5. The system of claim 4 wherein said superset of diffused memory instances is based on a lowest common denominator configuration.

6. The system of claim 1 wherein said plurality of memory components comprises at least one instruction tag and at least one data tag.

7. The system of claim 6 wherein said at least one instruction tag and at least one data tag are configured on a memory base.

8. The system of claim 1 wherein said single processor having a large instruction and data cache size and said plurality of processors having a small instruction and data cache size are configured on a metal hard macro.

9. A data-processing system, comprising:

a plurality of memory components; and

a processor landing zone configured to include said plurality of memory components, wherein said plurality of memory components permit said processor landing zone to support both a single processor having a large instruction and data cache size and a plurality of processors having a small instruction and data cache size; and

at least one slice associated with said processor landing zone and said plurality of memory components, wherein said plurality of memory components comprises a superset of diffused memory instances located on said at least one slice, wherein said plurality of memory components comprises a superset of diffused memory instances located on said at least one slice, thereby permitting said plurality of memory components to be accessible by said single processor and said plurality of processors while maintaining a maximum performance for implementations of both said single processor and said plurality of processors.

10. The system of claim 9 wherein said superset of diffused memory instances is based on a lowest common denominator configuration.

11. The system of claim 9 wherein said plurality of memory components comprises at least one instruction tag and at least one data tag.

12. The system of claim 11 wherein said at least one instruction tag and at least one data tag are configured on a memory base.

13. The system of claim 9 wherein said single processor having a large instruction and data cache size and said plurality of processors having a small instruction and data cache size are configured on a metal hard macro.

14. A data-processing method, comprising:

providing a plurality of memory components; and

configuring a processor landing zone to include said plurality of memory components, wherein said plurality of memory components permit said processor landing zone to support both a single processor having a large instruction and data cache size and a plurality of processors having a small instruction and data cache size.

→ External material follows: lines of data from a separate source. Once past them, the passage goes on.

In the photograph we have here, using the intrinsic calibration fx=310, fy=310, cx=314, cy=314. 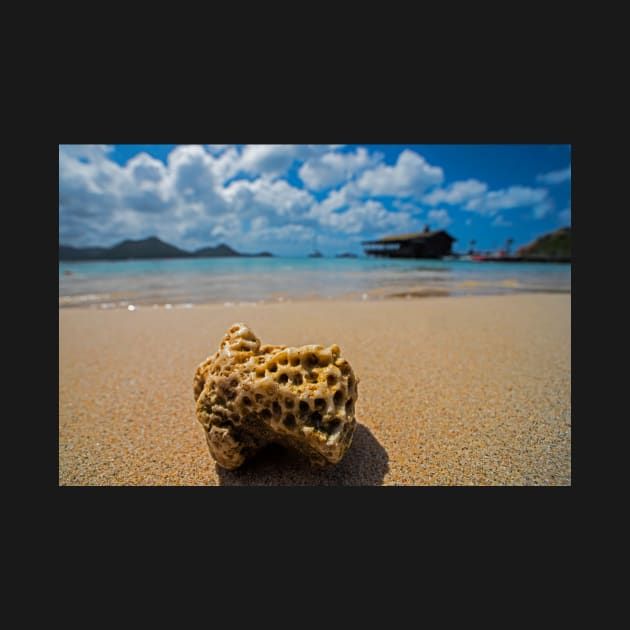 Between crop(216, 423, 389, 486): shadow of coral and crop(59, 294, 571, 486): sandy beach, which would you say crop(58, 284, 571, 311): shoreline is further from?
crop(216, 423, 389, 486): shadow of coral

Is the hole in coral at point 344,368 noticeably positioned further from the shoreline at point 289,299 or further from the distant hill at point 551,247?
the distant hill at point 551,247

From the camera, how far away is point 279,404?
5.53ft

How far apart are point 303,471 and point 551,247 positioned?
31.3m

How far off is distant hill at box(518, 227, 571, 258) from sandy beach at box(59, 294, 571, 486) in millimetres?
25196

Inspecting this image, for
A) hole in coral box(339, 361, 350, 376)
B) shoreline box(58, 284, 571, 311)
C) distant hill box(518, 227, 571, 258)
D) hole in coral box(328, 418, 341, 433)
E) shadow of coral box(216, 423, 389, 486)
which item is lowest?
shadow of coral box(216, 423, 389, 486)

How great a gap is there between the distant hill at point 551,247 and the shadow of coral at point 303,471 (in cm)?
2885

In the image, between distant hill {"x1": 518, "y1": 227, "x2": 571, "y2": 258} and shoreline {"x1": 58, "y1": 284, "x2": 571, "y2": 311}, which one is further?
distant hill {"x1": 518, "y1": 227, "x2": 571, "y2": 258}

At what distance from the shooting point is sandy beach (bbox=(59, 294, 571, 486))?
76.5 inches

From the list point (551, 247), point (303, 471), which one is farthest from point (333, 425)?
point (551, 247)

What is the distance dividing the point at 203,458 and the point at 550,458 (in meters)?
2.30

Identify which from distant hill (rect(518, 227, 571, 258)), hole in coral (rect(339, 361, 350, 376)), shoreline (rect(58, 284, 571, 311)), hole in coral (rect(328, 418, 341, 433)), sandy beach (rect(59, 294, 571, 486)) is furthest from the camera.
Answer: distant hill (rect(518, 227, 571, 258))

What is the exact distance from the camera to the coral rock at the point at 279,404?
5.43ft

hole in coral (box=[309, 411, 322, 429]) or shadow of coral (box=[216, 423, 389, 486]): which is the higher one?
hole in coral (box=[309, 411, 322, 429])

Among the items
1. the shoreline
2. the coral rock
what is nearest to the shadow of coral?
the coral rock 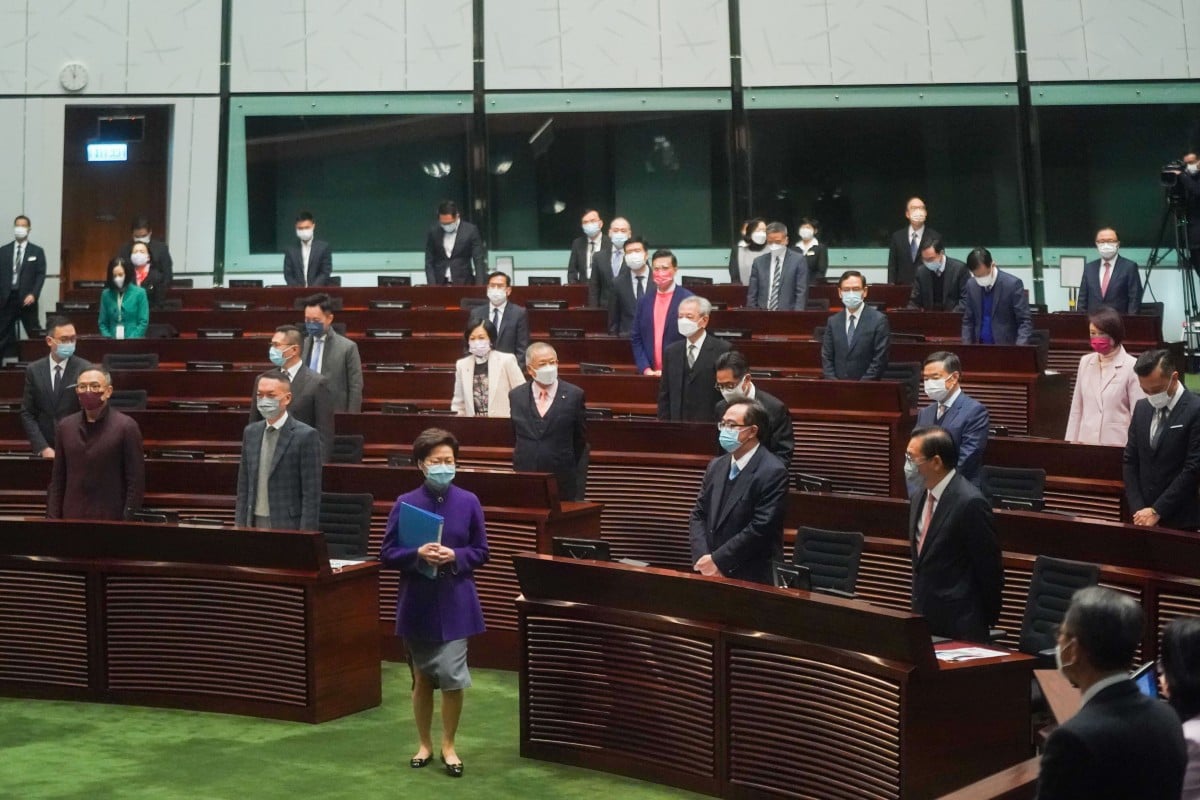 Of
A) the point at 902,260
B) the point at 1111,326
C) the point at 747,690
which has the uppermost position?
the point at 902,260

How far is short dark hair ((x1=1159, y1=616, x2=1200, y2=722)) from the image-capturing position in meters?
3.18

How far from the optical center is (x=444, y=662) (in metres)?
5.85

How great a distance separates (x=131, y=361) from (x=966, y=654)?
7.43 m

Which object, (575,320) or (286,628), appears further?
(575,320)

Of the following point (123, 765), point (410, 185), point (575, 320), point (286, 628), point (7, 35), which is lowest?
point (123, 765)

15. The system of claim 14 further comprising configuring said plurality of memory components to comprise at least one cache memory.

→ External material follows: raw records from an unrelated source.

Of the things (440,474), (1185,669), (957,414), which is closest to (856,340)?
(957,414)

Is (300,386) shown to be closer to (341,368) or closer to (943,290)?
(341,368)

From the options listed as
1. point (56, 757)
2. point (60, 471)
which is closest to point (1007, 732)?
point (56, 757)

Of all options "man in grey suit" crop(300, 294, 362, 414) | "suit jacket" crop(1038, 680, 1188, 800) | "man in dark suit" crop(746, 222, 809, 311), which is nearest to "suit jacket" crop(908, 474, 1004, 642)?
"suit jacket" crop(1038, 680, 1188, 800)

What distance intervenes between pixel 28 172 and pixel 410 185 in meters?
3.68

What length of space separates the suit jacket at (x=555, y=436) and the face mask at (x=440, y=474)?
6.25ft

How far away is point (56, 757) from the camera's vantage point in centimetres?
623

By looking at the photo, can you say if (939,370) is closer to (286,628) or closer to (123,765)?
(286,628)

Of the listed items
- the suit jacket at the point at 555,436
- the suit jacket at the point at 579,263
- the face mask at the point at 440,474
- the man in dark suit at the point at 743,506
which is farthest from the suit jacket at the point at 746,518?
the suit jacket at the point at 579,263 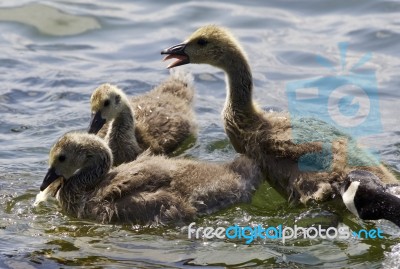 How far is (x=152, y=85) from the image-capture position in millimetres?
12352

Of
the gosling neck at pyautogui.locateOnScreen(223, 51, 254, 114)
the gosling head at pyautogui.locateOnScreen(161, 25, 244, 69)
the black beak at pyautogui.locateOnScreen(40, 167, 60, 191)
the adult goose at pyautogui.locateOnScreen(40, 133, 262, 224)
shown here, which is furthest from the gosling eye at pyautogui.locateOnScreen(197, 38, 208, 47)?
the black beak at pyautogui.locateOnScreen(40, 167, 60, 191)

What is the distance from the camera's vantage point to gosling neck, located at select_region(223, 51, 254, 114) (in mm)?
9078

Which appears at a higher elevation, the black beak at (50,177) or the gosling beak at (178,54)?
the gosling beak at (178,54)

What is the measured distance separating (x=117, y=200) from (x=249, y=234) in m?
1.16

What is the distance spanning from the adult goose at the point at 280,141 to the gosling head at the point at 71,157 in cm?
140

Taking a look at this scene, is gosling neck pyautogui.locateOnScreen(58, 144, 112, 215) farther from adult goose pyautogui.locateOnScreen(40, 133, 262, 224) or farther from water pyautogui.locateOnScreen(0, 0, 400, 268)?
water pyautogui.locateOnScreen(0, 0, 400, 268)

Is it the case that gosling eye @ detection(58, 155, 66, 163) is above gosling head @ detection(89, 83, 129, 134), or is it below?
below

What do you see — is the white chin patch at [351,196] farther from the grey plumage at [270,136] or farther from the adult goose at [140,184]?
the adult goose at [140,184]

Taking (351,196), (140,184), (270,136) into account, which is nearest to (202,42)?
(270,136)

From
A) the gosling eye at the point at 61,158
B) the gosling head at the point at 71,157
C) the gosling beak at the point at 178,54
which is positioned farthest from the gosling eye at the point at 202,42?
the gosling eye at the point at 61,158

16. The system of claim 14 further comprising association at least one slice with said processor landing zone and said plurality of memory components.

17. The method of claim 16 further comprising configuring said plurality of memory components to comprise a superset of diffused memory instances located on said at least one slice, thereby permitting said plurality of memory components to be accessible by said single processor and said plurality of processors while maintaining a maximum performance for implementations of both said single processor and said plurality of processors.

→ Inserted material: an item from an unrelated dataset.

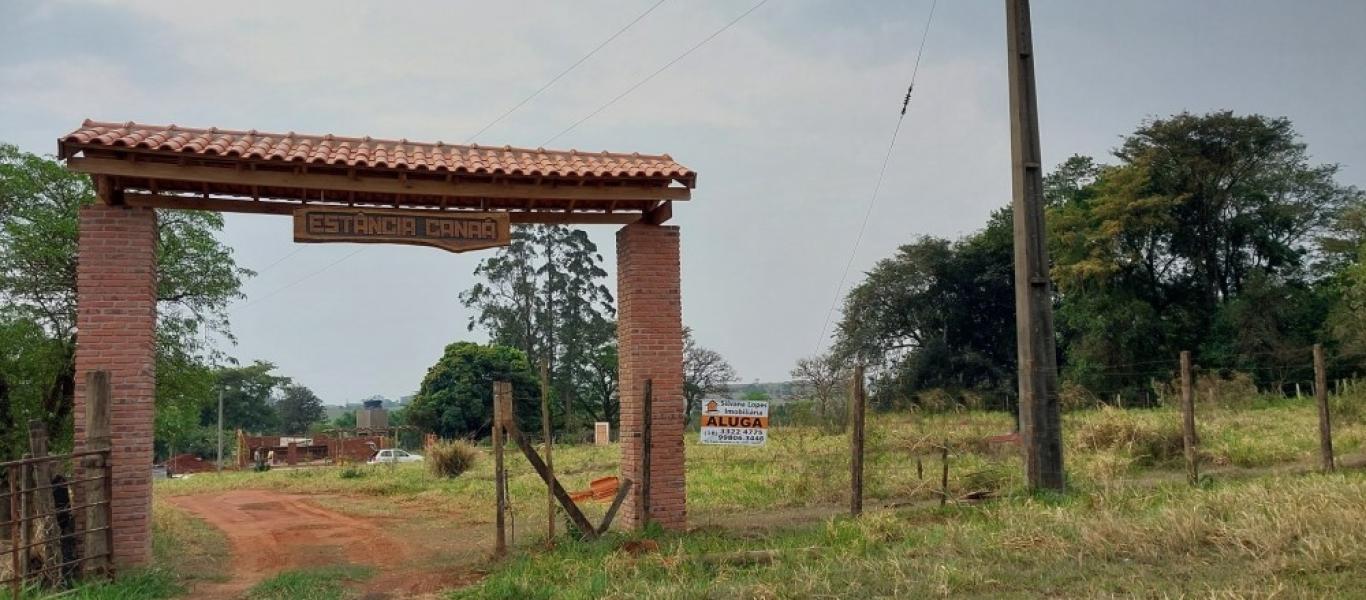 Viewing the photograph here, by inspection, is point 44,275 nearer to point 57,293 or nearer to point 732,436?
point 57,293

18. The method of claim 17 further comprising configuring said superset of diffused memory instances based on a lowest common denominator configuration.

19. The method of claim 14 further comprising configuring said plurality of memory components to comprise at least one instruction tag and at least one data tag.

20. The method of claim 19 further comprising configuring said at least one instruction tag and at least one data tag on a memory base.

21. The method of claim 14 further comprising configuring said single processor having a large instruction and data cache size and said plurality of processors having a small instruction and data cache size to comprise a metal hard macro.